Recently, though, I've been considering how that line is invariably translated:
You must change your life.
I mean, that was how I had always understood it. And change your life would mean, does mean, what it sounds like: leave the life you are in and make yourself a new one. Sort of the aesthetic-spiritual version of the beginning of the mid-life phase.
It occurred to me, though, that there is another German word that is frequently translated as "change", namely, wechseln. So, why wouldn't Rilke have used that word instead? particularly as it covers a champs lexique more in the direction of "switch" or "replace", namely, the usual interpretation? It seems to me that aendern points more towards "alter", "amend", "modify", that is, to transform your life, whether by adding what is missing or by clearing away the impediments.

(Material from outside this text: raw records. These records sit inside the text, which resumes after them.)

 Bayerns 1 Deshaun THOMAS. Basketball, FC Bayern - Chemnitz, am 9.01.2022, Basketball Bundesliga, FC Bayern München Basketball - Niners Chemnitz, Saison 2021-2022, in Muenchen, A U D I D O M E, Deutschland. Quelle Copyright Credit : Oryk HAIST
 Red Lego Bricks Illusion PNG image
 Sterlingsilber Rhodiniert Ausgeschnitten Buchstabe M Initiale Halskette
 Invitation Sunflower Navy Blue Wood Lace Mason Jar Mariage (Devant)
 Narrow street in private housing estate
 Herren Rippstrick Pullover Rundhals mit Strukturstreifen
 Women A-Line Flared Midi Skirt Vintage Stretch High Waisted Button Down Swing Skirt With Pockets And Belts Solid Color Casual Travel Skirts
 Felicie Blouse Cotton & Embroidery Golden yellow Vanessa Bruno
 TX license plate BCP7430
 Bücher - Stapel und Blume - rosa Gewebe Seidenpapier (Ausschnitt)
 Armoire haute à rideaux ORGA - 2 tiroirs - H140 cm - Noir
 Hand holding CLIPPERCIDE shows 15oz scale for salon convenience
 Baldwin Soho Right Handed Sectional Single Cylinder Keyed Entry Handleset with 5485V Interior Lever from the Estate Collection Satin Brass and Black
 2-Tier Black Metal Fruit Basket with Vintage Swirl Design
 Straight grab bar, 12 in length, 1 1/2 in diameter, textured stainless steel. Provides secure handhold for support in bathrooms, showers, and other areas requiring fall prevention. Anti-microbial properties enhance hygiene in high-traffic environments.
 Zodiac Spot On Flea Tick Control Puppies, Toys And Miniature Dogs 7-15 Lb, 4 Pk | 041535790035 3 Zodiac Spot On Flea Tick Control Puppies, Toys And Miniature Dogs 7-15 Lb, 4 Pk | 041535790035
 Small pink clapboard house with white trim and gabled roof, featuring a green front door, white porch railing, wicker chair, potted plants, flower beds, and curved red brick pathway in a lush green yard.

This matters only if you take poetry personal, as a possible source of words to live by, and I do, I have done, I still do. And, there is a big difference between the prospect of getting yourself an entirely new life, and the notion of modifying the life you have been able to contrive so far. And I'm still working on the dratted poem.
The above photo, btw, is a very stolen shot of the archaic torso of Apollo, from an exhibition of Praxiteles's sculptures at the Louvre. I am convinced that this sculpture is the one that inspired Rilke.